Researchers uncover “pseudo leukotrienes” that could reshape how asthma and inflammatory diseases are treated (Figure 1).
For decades, asthma has been explained by a familiar culprit: leukotrienes, inflammatory molecules released by immune cells that constrict airways and make breathing difficult. Entire classes of asthma drugs have been designed to block their effects, and for many patients, these treatments help.
But new research suggests the story may be more complex. In a new study scientists report the discovery of previously unrecognized molecules that closely resemble leukotrienes but are produced through a completely different chemical pathway. These newly identified compounds, dubbed “pseudo leukotrienes,” may be the true drivers of inflammation in asthma.
Classic leukotrienes are generated through tightly regulated enzymatic reactions. In contrast, pseudo leukotrienes arise from free radical–driven lipid oxidation, a chaotic chemical process like combustion.
People with asthma may lack sufficient antioxidant defences to neutralize free radicals, allowing these reactions to spiral and generate large quantities of pseudo leukotrienes. Despite their different origins, both leukotrienes and pseudo leukotrienes activate the same airway receptors, triggering inflammation and bronchoconstriction.
Current asthma drugs, such as leukotriene receptor blockers, work by blocking the receptor, preventing inflammatory molecules from “turning the ignition.” But if pseudo leukotrienes are the dominant inflammatory signal, blocking the receptor may also interfere with beneficial roles of leukotrienes, which contribute to normal immune responses, healing, and even brain function.
This shift opens the door to antioxidant or redox-targeted therapies that selectively dampen harmful inflammation without suppressing beneficial immune functions.
To test their hypothesis, the researchers synthesized pseudo leukotrienes in the lab and developed methods to detect them in biological samples. They then analysed urine from people with mild and severe asthma and compared it to samples from healthy controls.
The results:
- Pseudo leukotrienes were present at much higher levels in asthma patients
- Levels correlated strongly with disease severity
- Even mild asthma patients had four to five times higher levels than healthy individuals
This suggests pseudo leukotrienes could serve as a new biomarker for asthma severity and treatment response.
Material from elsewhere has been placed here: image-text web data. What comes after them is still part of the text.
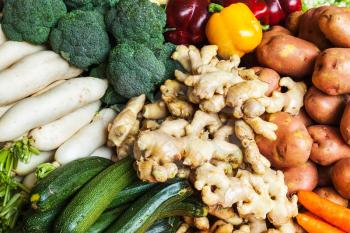 Vegetables in Asian market close up - zucchini, Capsicum bell peppers, potatoes, ginger, broccoli  cabbage,  daikon white radish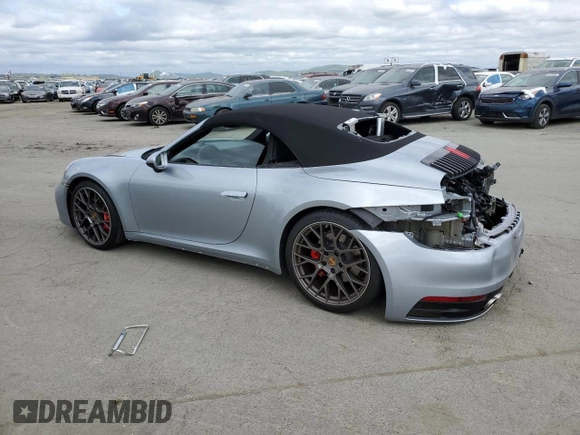 2020 Porsche 911 Carrera S z VIN WP0CB2A96LS263554, wystawiony jako Copart lot #52013384 z przebiegiem 8 702 mil mil oraz . Historia ofert i sprzedaży dostępna na DreamBid. Obrazek 2.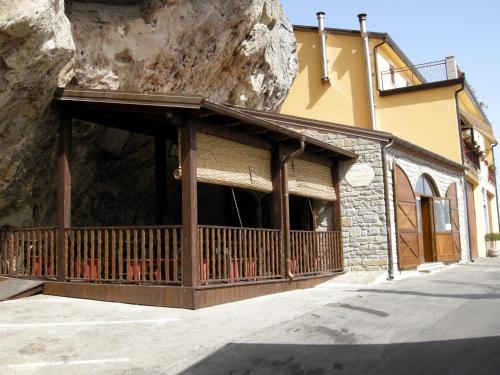 a building with a balcony next to a mountain at Delfino in Pietrapertosa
The team now plans to investigate whether pseudo leukotrienes contribute to other inflammatory diseases, including RSV infection, bronchiolitis in infants, chronic obstructive pulmonary disease (COPD) and potentially even neurodegenerative conditions such as Parkinson’s and Alzheimer’s disease.
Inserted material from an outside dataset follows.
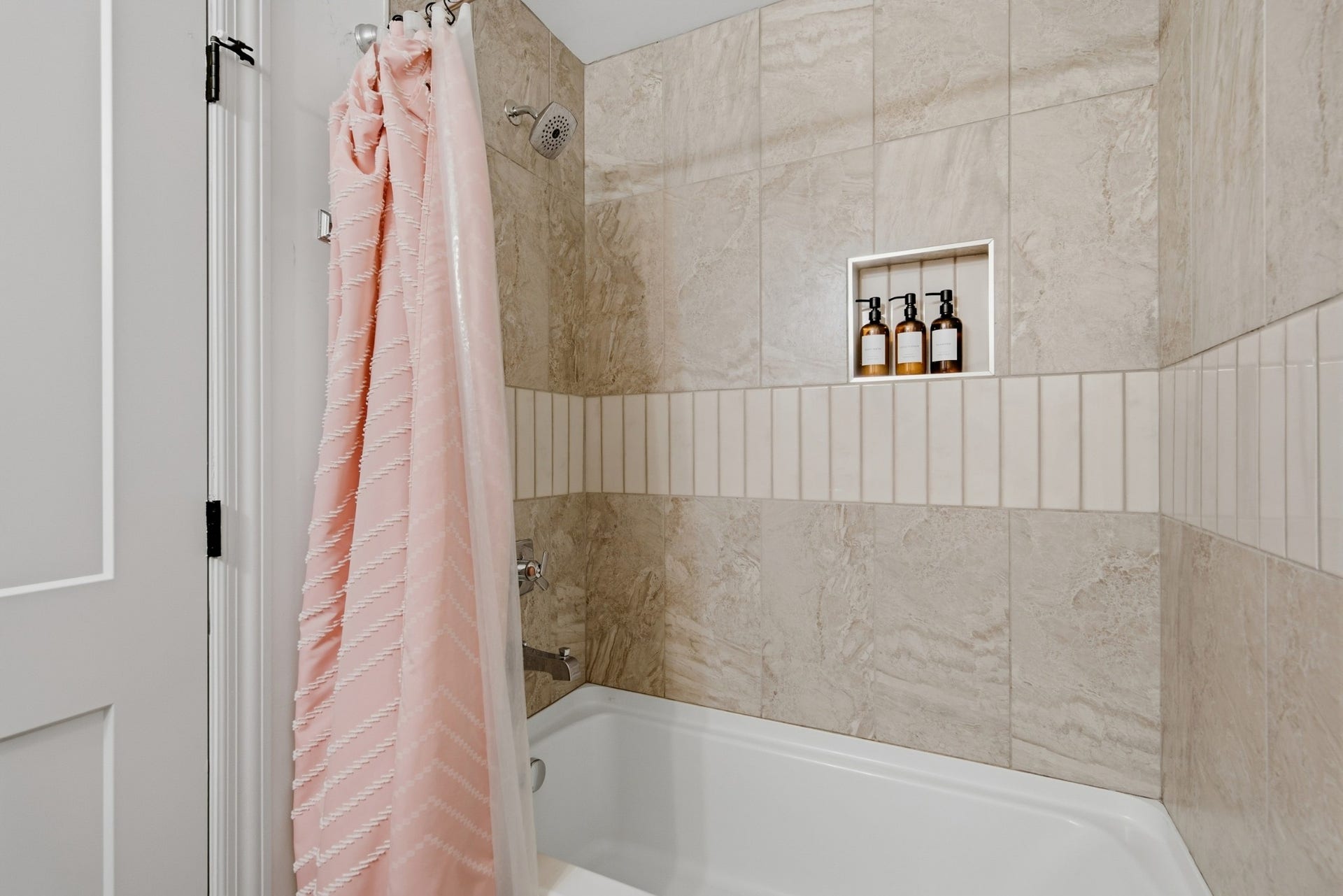 A custom-tiled tub and shower combination adds both style and practicality to the space.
Researchers have identified a new class of inflammatory molecules, pseudo leukotrienes that may be the real drivers of asthma. By targeting the oxidative processes that generate them, future therapies could treat asthma more precisely while preserving the body’s beneficial inflammatory responses.
Journal article: Liu, S.-Y., et al. 2025. Radical-induced Lipid Oxidation Produces a Torrent of Leukotriene-like Agonists in Severe Asthma. Journal of Allergy and Clinical Immunology.